12. İlgili kuruluşlar, vekâletlerini aldıkları kişiler adına kesecekleri kurbanlıkların etlerinin tamamını hissedarlara ya da sahibinin rızasıyla ihtiyaç sahiplerine ulaştırmalıdır. Bunların bir kısmını et olarak satmamalı veya belirlenen kilogram üzerindeki et miktarlarını bir araya getirerek yeni bir hisse oluşturmamalıdır.
13. Hayvanın deri ve sakatatı hisse sahibine/sahiplerine ait olduğundan, bunların ya kendisine ya da kendisinin izniyle dinen bağışlanması caiz olan şahıs veya hayır kurumlarına ulaştırılması gerekir.
14. Kurban ibadetinin, et satın alımını andırmaması için belli kiloda et miktarının kurban sahiplerine verilmesi taahhüt edilmemeli, bunun yerine tahmini bir kilo aralığı belirlenerek çıkan et ne ise o teslim edilmelidir.”
KARA: “KURBANLIK OLARAK ALINAN HAYVAN KESİLMEDEN ÖNCE YARA ALIRSA KURBAN OLUR MU?”
İL MÜFTÜSÜ TÜRKMEN: “Bir hayvanın kurban edilebilmesi için, o hayvanda örfe göre kusur sayılan ayıplardan birinin bulunmaması gerekir.
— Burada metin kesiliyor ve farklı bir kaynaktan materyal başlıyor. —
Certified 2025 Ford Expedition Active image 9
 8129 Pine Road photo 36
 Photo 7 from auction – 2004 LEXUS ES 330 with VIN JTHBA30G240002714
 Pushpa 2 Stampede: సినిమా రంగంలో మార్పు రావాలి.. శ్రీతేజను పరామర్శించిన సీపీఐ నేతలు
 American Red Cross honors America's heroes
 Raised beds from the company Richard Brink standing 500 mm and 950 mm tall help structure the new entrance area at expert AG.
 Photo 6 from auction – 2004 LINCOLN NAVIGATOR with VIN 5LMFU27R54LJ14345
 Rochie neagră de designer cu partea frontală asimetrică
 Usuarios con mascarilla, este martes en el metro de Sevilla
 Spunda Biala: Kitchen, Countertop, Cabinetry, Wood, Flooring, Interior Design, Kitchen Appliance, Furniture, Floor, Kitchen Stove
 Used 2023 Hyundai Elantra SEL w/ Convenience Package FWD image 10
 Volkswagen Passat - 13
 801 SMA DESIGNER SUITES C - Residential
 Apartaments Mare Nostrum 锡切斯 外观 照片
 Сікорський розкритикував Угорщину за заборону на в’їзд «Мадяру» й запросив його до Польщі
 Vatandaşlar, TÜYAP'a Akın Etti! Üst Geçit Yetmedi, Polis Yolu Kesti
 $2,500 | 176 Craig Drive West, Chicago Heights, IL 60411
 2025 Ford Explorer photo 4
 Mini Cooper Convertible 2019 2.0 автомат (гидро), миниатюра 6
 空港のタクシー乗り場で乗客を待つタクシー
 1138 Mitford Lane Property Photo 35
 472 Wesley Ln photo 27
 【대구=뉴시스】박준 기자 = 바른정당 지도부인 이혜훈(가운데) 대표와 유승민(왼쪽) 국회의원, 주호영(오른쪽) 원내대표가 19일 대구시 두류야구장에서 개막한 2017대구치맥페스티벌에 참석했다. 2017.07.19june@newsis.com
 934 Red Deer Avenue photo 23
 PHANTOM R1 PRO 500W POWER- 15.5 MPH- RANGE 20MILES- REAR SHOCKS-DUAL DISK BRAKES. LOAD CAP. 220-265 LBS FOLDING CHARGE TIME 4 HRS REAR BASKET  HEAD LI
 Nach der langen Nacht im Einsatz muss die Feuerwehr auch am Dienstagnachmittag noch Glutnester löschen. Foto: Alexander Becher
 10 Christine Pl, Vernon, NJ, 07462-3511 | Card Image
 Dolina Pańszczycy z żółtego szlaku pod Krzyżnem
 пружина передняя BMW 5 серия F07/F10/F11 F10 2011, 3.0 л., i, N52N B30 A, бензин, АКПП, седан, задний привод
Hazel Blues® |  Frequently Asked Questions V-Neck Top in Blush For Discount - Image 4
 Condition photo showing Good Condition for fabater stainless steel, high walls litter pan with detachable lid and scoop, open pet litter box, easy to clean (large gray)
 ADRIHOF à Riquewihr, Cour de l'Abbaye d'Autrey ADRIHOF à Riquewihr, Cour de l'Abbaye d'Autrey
Satın alınırken kurbana engel bir kusuru olan hayvan kurban olarak kesilemez. Hayvan kusursuz olarak satın alınıp da alıcının elinde iken kurban olmaya engel bir kusurun ortaya çıkması hâlinde, ( bkn. Kurban edilecek hayvanlar hangi nitelikleri taşımalıdır?) kişi zenginse ayıbı olmayan başka bir hayvan alıp keser. Yoksulsa yeni bir hayvan alıp kesmesine gerek yoktur.”
KARA: “KİMLER KURBANLIK HAYVANI BOĞAZLAYABİLİR?, KURBAN KESTİKTEN SONRA NAMAZ KILMAK GEREKİR Mİ?”
İL MÜFTÜSÜ TÜRKMEN: “İster kurban niyetiyle olsun ister başka bir amaçla olsun hayvan kesilirken besmele çekilmesi gerekir. Hayvanın kesimi esnasında besmele kasten terk edilirse, o hayvanın eti Hanefîlere göre yenmez. Ancak kasıtsız ve unutularak besmele çekilmezse, bu hayvanın eti yenilir. Kesen kimsenin kestiği hayvanın kurban olduğunu bilip besmele çekecek kadar şuuru yerindeyse alkollü olması kesilen kurbanın etinin yenilmesine engel teşkil etmez. Şâfiîlere göre besmele kasten çekilmese bile kesilen hayvanın eti yenir. Kurban kesilirken üç defa “Bismillahi Allahü ekber” denilir ve şu âyetler okunabilir: “De ki: Şüphesiz benim namazım, ibadetim/kurbanım, hayatım ve ölümüm hepsi âlemlerin Rabbi Allah içindir. O’nun ortağı yoktur. Bana sadece bu emredildi ve ben Müslümanların ilkiyim.” (En’âm, 6/162-163) “Ben, hakka yönelen birisi olarak yüzümü, gökleri ve yeri yaratana döndürdüm. Ben, Allah’a ortak koşanlardan değilim.” (En’âm, 6/79) Esas olarak kurban namazı diye bir namaz yoktur. Bu namazın dinî bir gereklilik olduğu inancı veya kanaati yanlıştır. Ancak kişi nafile namaz kılınması mekruh olmayan bir vakitte, sebepli veya sebepsiz dilediği kadar nafile namaz kılabilir. Kurban kesen kişi de böyle bir ibadeti yapma imkânına kavuştuğu için Allah’ın verdiği nimete şükür olarak iki rekât nafile namaz kılabilir.”